Group Rank

This user-defined transfrom (UDX) applies a RANK() function to logical groups of rows and optionally delivers the group in sorted order Applications of Group_Rank include the following:

  • To sort results of a streaming GROUP BY
  • To determine a relationship within the results of a group

Group Rank UDX can do the following actions:

  • Apply Rank to a specified input column.
  • Supply either sorted or non-sorted output.
  • Enable the user to specify a period of inactivity for data flush.

SQL Declarations

The functional attributes and DDL are described in the topics that follow.

Functional attributes for Group_Rank

This Group_Rank transform acts as follows:

  • Gathers rows until either a rowtime change is detected or a specified idle-time limit is exceeded.
  • Accepts any streaming rowset.
  • Uses any column with a basic SQL data type of INTEGER, CHAR, VARCHAR as the column by which to do the ranking
  • Orders the output rows either in the order received or in ascending or descending order of values in the selected column.

DDL for Group_Rank

CREATE FUNCTION group_rank(c cursor, rankByColumnName VARCHAR(128),
   rankOutColumnName VARCHAR(128), sortOrder VARCHAR(10), outputOrder VARCHAR(10),
   maxIdle INTEGER, outputMax INTEGER)
 returns table(c.*, "groupRank" INTEGER)
 language java
 parameter style system defined java
 no sql
 external name 'class com.sqlstream.plugin.grouprank.GroupRank.group_rank';

The parameters to the UDX are:

c CURSOR to streaming result set
rankByColumnName String naming the column to use for ranking the group
rankOutColumnName String naming the column to use for returning the rank.
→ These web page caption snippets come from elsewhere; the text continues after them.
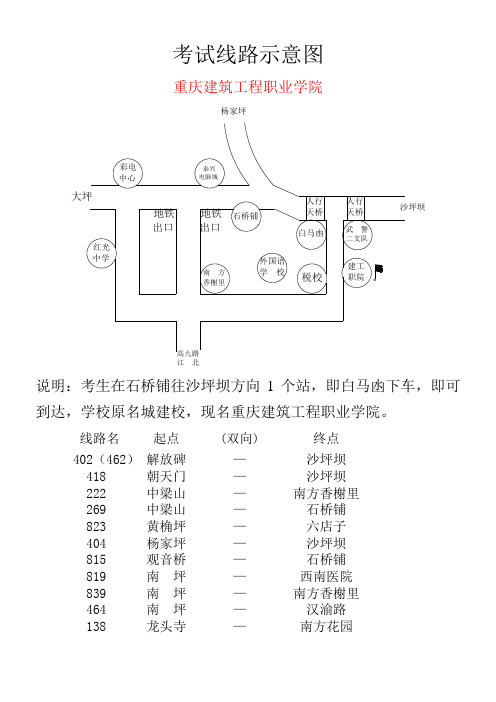 主城区考点线路示意图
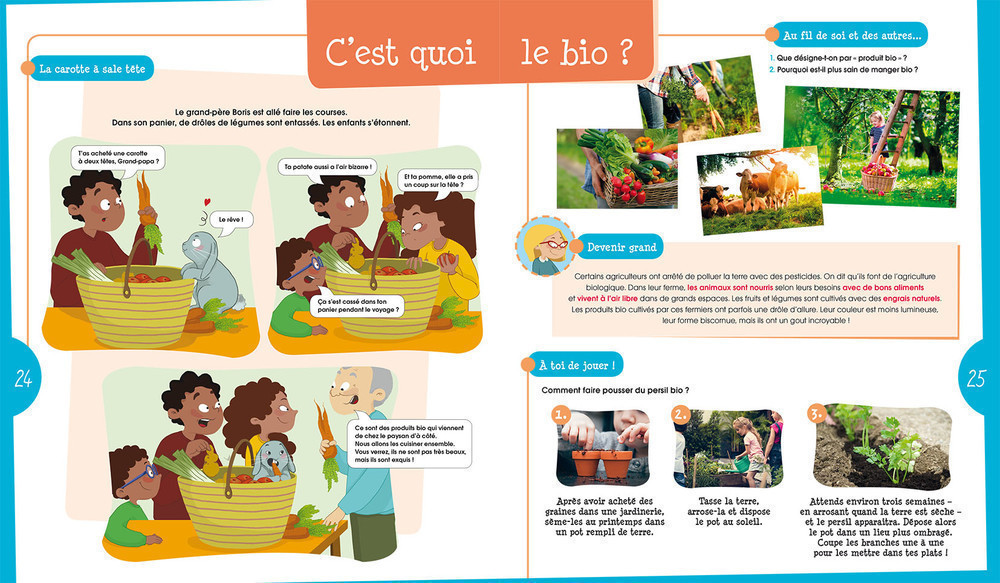 Petite Graine De Citoyen - Bien Consommer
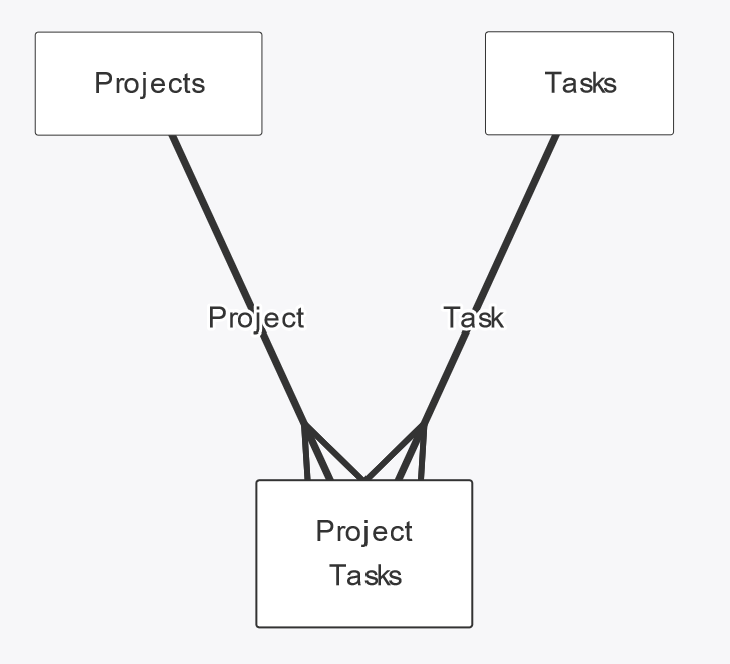 table relationships ERD.png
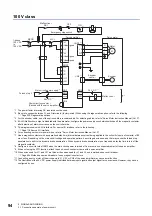 Предварительный просмотр 96 страницы Mitsubishi Electric MELSERVO-J4 series Instruction Manual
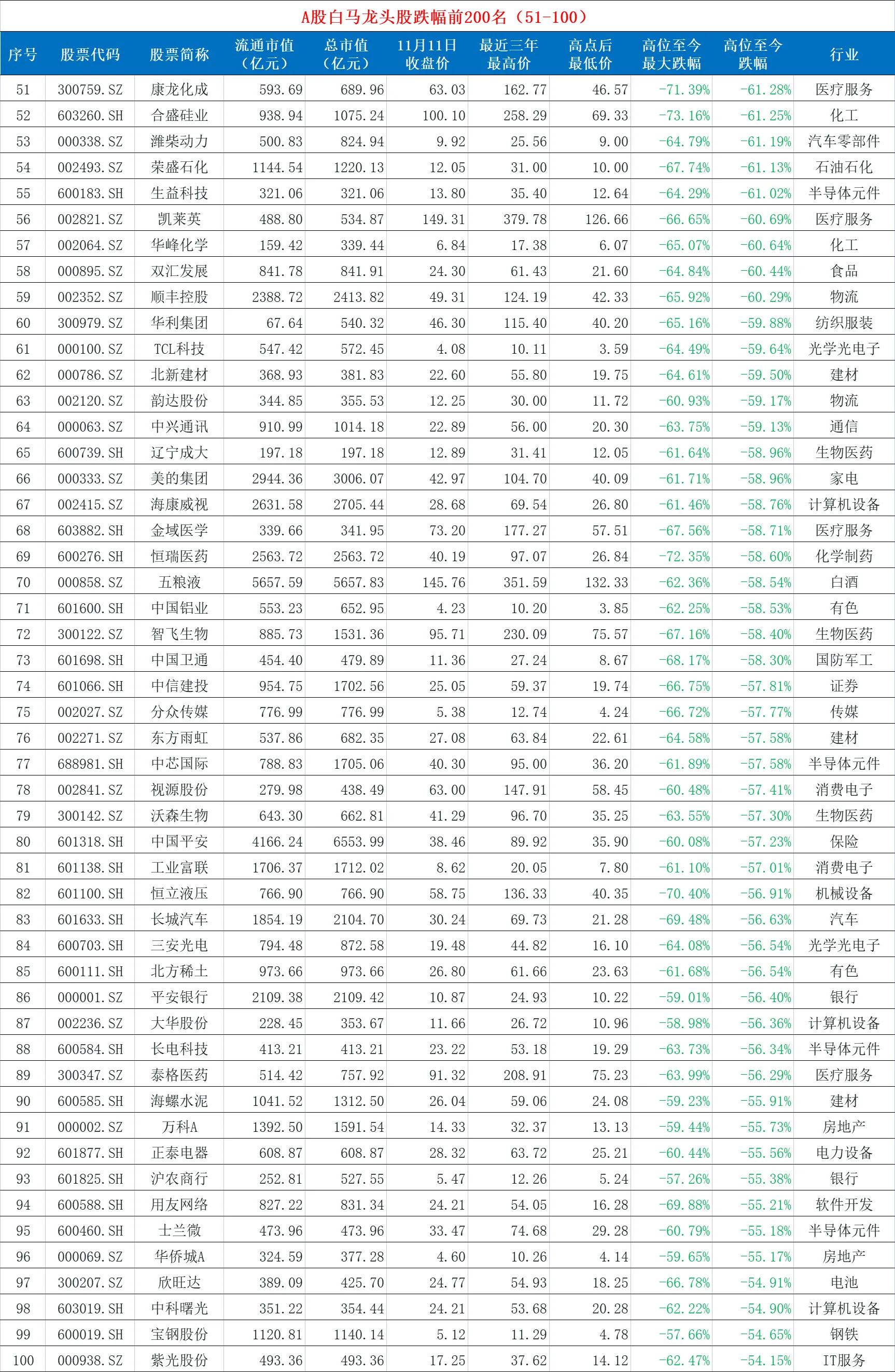 中国股市a股10大核心蓝筹白马股,a股白马最新分析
This string must match the name of the groupRank column in RETURNS clause of the CREATE FUNCTION statement.
sortOrder Controls ordering of rows for rank assignment.

Valid values are:
- ‘asc’ Ascending based on rank.
- ‘desc’ Descending based on the rank.
outputOrder Controls ordering of output.

Valid values are:
- ‘asc’ Ascending based on rank.
- ‘desc’ Descending based on the rank.
maxIdle Time limit in milliseconds for holding a group for ranking. When maxIdle expires the current group is released to the stream. A value of zero indicates no idle time out.
outputMax Maximum number of rows the UDX will output in a given group. A value of 0 indicates no limit.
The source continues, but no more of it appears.